Sa bene come funziona la macchina federale a Berna – e come rendere un’azienda più LGBTI-friendly. Il nuovo membro Hanspeter Kläy porta a network Bern molta esperienza e storie appassionanti.

Hanspeter, hai avuto una carriera interessante come giurista nella legislazione federale. Quali erano i tuoi compiti principali?
La sfida maggiore era elaborare nuove leggi e revisioni legislative e accompagnarle nella fase di preesame delle commissioni parlamentari nonché in Parlamento. Tra queste la revisione della GmbH, la revisione del diritto azionario e la legge sulle fusioni.

Sei stato anche ghostwriter per i membri del Consiglio federale?
Sì, il Consiglio federale è un organo decisionale. Non può redigere da solo i suoi innumerevoli e complessi dossier né scrivere rapporti di centinaia di pagine. Per questo si affida al lavoro dell’amministrazione. Il suo ruolo è quindi più importante e interessante di quanto molti pensino. Anch’io ho redatto ampi rapporti e discorsi per il Consiglio federale.

Ma la leggendaria risposta del «Bündnerfleisch» dell’ex consigliere federale Merz non era tua, vero?
(risata) No. Quell’intervento famoso era un testo mal formulato, che i superiori, nella frenesia del dibattito parlamentare, probabilmente non hanno corretto. Ma, naturalmente, i consiglieri federali dovrebbero rileggere i testi che ricevono prima di leggerli in Parlamento. (risata)

Nel 2008 sei passato al settore privato: è stato uno shock culturale?
No, almeno non come suggerisce lo stereotipo della tranquilla amministrazione federale: all’epoca tornavo più tardi a casa quando lavoravo per la Confederazione che non nei miei impieghi nell’economia privata.

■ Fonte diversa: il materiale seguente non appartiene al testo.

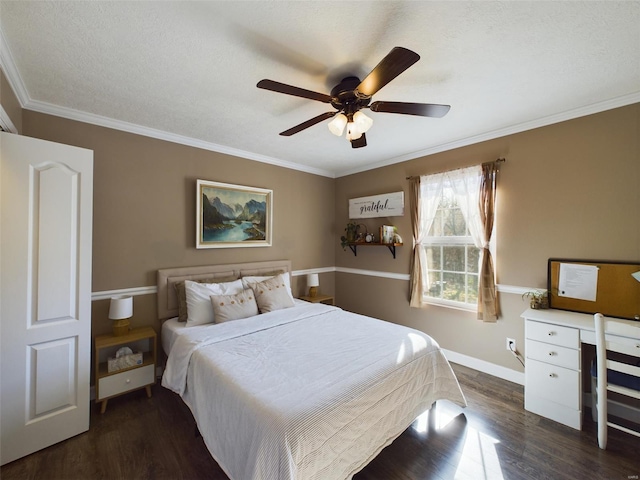 bedroom with ornamental molding, a textured ceiling, ceiling fan, and dark wood-type flooring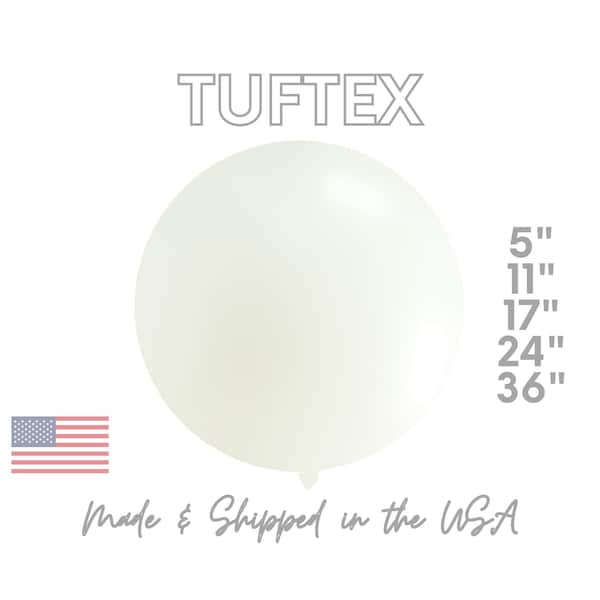 White Tuftex Latex Balloons 5", 11",17",24"  - Party Decor | Grad Party, Baby Showers, Birthdays, Balloon Bouquet, Wedding, Clouds, Rainbow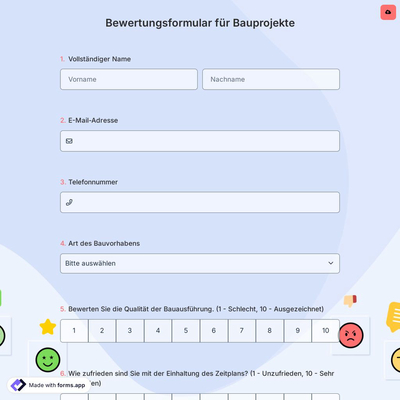 Bewertungsformular für Bauprojekte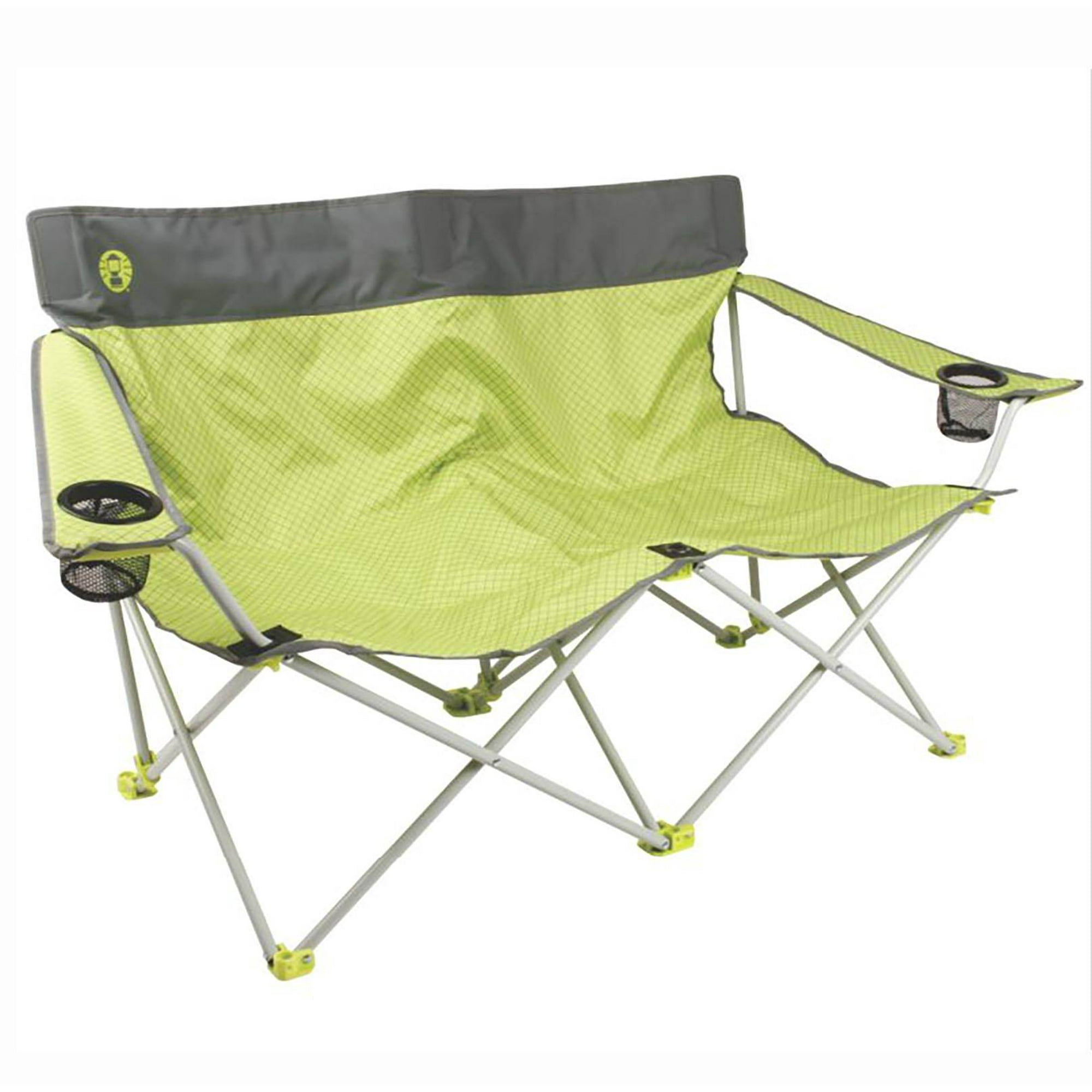 Coleman 2 Person Camping Quattro Lax Double Quad Chair W Pockets Green Grey Canada Camping Quattro Lax Double Quad Chair, Double Camping Chairs Canada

Quindi i tavoli dei bar di questo Paese non hanno ragione!
Esatto. Ci sono molti settori dell’amministrazione in cui ai collaboratori è richiesto moltissimo. Inoltre ho notato che nella Confederazione si attribuisce tendenzialmente più importanza a una buona leadership rispetto alle imprese orientate al profitto a breve termine. Detto ciò, sia nell’amministrazione che nel settore privato esistono unità di lavoro poco performanti. Le somiglianze con le grandi aziende sono numerose. Quello che cambia è la dimensione politica, che può essere molto stimolante.

Per esempio?
In particolare il lavoro con il Parlamento e la partecipazione a negoziati internazionali. Ho avuto persino l’opportunità di accompagnare la consigliera federale Ruth Metzler a Vienna in visita di Stato. A proposito di «consigliera»: ai livelli alti della Confederazione ci sono molte più donne; il rapporto è circa una a uno. Un’altra differenza: secondo la mia esperienza, nelle imprese molti meno uomini gay osano fare coming out. La rete queer che ho creato presso BDO AG contava al massimo 15 membri su oltre 1’400 collaboratori.

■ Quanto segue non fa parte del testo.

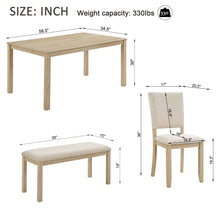 Load image into Gallery viewer, 6 Piece Dining Table Set With Bench - Beige / Light Oak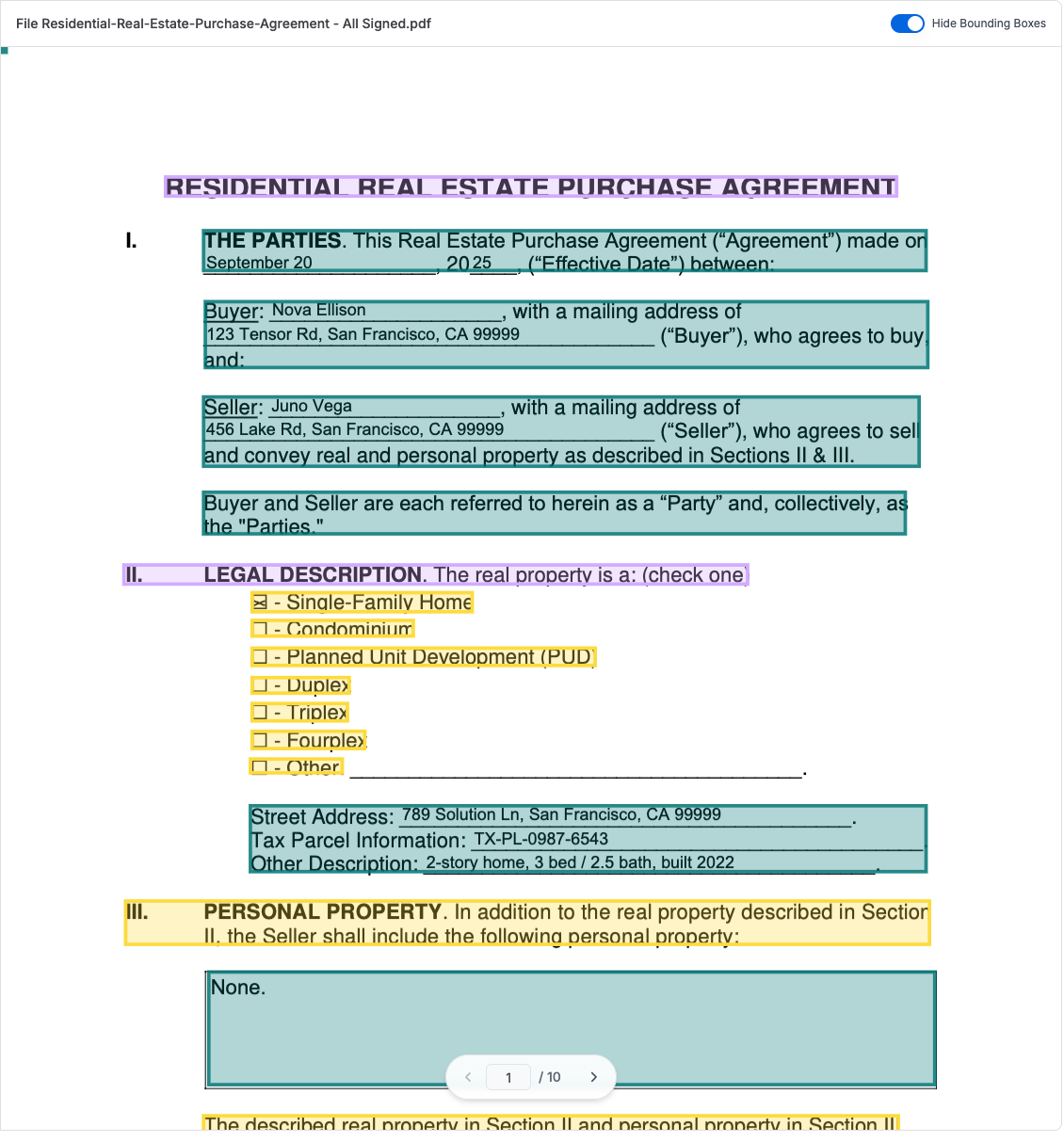 Bounding boxes on the document in the Playground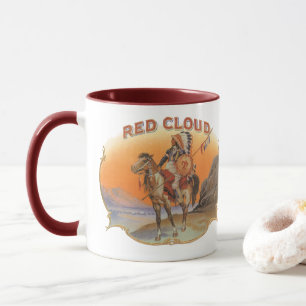 Mug Cigar vintage Art Étiquette, Red Cloud Indian en c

Non hai mai nascosto la tua omosessualità sul lavoro. È stato uno svantaggio?
No, mai. Questo bisognerebbe dirlo ai giovani che temono conseguenze negative per la carriera: non ci sono svantaggi – anzi.

Anzi?!
Chi in pausa non racconta quasi nulla della propria vita privata appare ai colleghi e ai superiori in qualche modo strano. E le persone strane raramente vengono promosse.

Hai fatto in modo che BDO AG ottenesse lo Swiss LGBTI-Label, grazie al tuo impegno per una policy DEI. Che ne pensi del fatto che ora, a causa degli USA, alcune aziende cancellino improvvisamente i programmi di diversity?
Lo trovo scioccante, miserabile e miope. Non credo però che questo porterà, in Europa, a un effettivo peggioramento.